BRIEF DESCRIPTION OF THE DRAWINGS

[0028] The subject matter regarded as the invention is particularly pointed out and distinctly claimed in the concluding portion of the specification. The invention, however, both as to organization and method of operation, together with objects, features, and advantages thereof, may best be understood by reference to the following detailed description when read with the accompanying drawings in which:

[0029] Fig. 1 is an illustration of a pile of banknotes;

[0030] Fig. 2 is a schematic illustration of a typical prior art paper thickness detector;

[0031] Fig. 3 is a schematic illustration of an improved paper sheet thickness detector, constructed and operative in accordance with a preferred embodiment of the present invention;

[0032] Fig. 4 is a graphical illustration of an exemplary magnetic sensor signal, generated by the detector of Fig. 3;

[0033] Figs. 5A and 5B are schematic illustrations of a portion of a detection apparatus comprising multiple detectors of Fig. 3;

[0034] Fig. 5C is a schematic illustration of the portion of the detection apparatus shown in Fig. 5 A connected to an opened housing element;

[0035] Fig. 6 A is a schematic illustration of a portion of a lever arm, forming part of the detector of Fig. 3; and

[0036] Figs. 6B and 6C are graphical illustrations of sensor signals for the detector of Fig. 3 without and with shock absorbers.

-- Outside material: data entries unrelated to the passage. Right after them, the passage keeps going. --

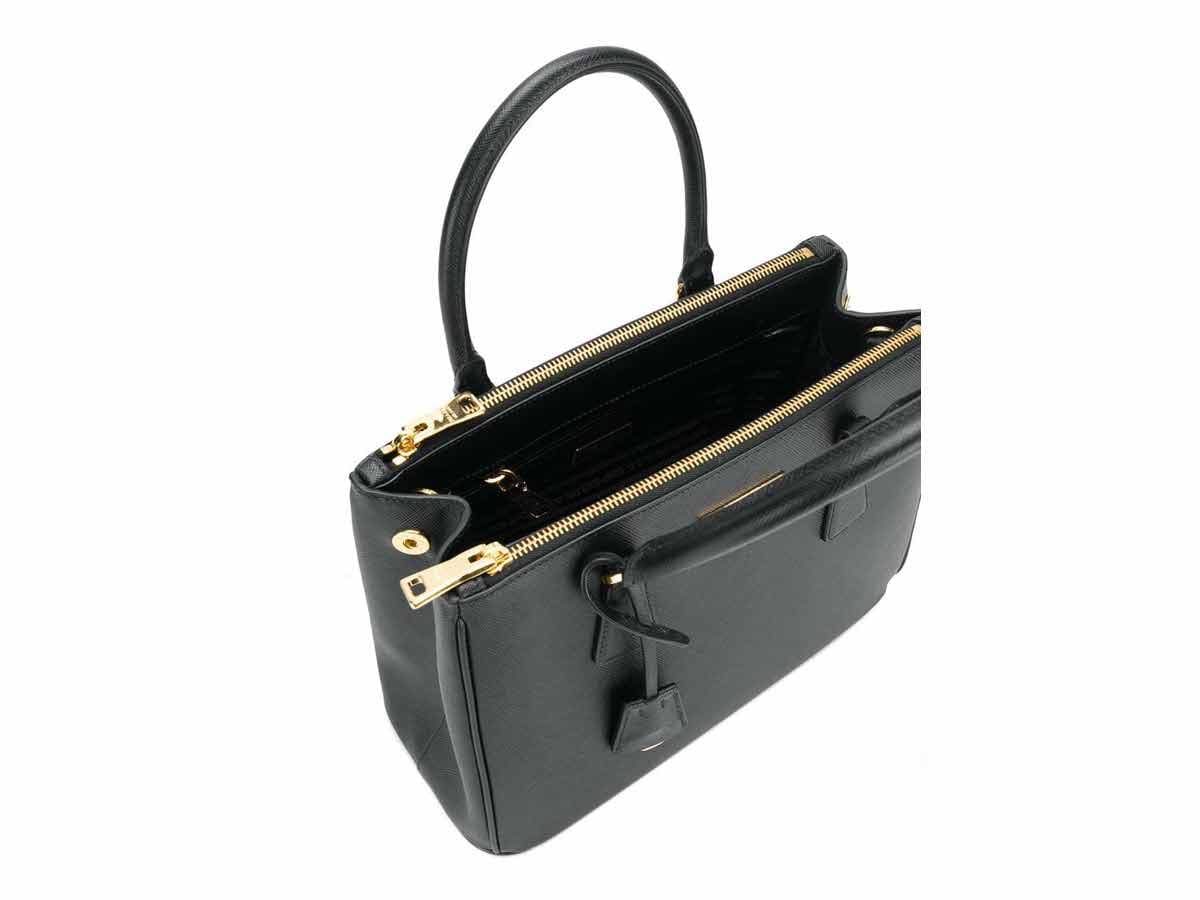 Prada Saffiano 30 Nero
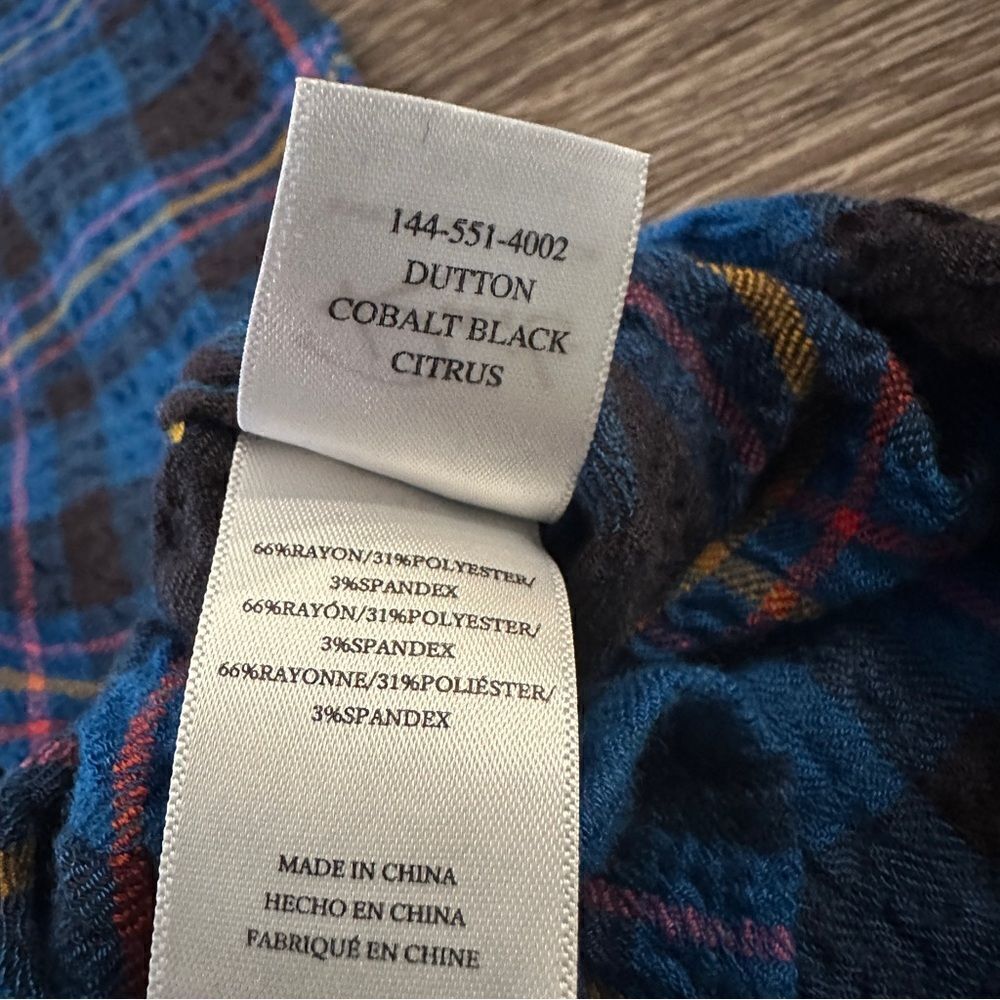 Rails Dutton Button Down - Picture 10 of 11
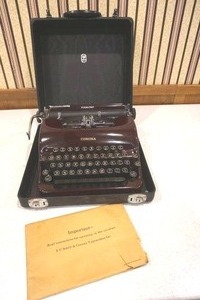 lot 385 image: Vintage typewriter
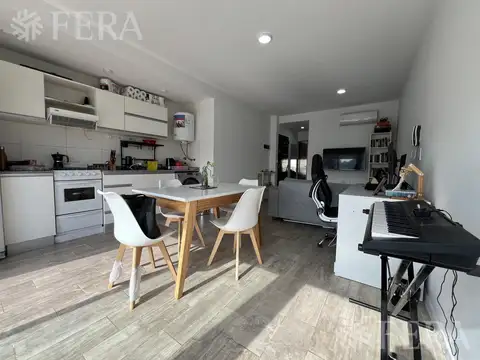 Venta departamento 2 ambientes con balcón en Wilde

[0037] It will be appreciated that for simplicity and clarity of illustration, elements shown in the figures have not necessarily been drawn to scale. For example, the dimensions of some of the elements may be exaggerated relative to other elements for clarity. Further, where considered appropriate, reference numerals may be repeated among the figures to indicate corresponding or analogous elements.

DETAILED DESCRIPTION OF THE PRESENT INVENTION

[0038] In the following detailed description, numerous specific details are set forth in order to provide a thorough understanding of the invention. However, it will be understood by those skilled in the art that the present invention may be practiced without these specific details. In other instances, well-known methods, procedures, and components have not been described in detail so as not to obscure the present invention.

[0039] Applicant has realized that measurement of the displacement of the detection roller of a paper thickness detector is affected by the vibrations of the detection roller, the precision of the reference roller and of the detection roller and by overall vibrations of the mechanism.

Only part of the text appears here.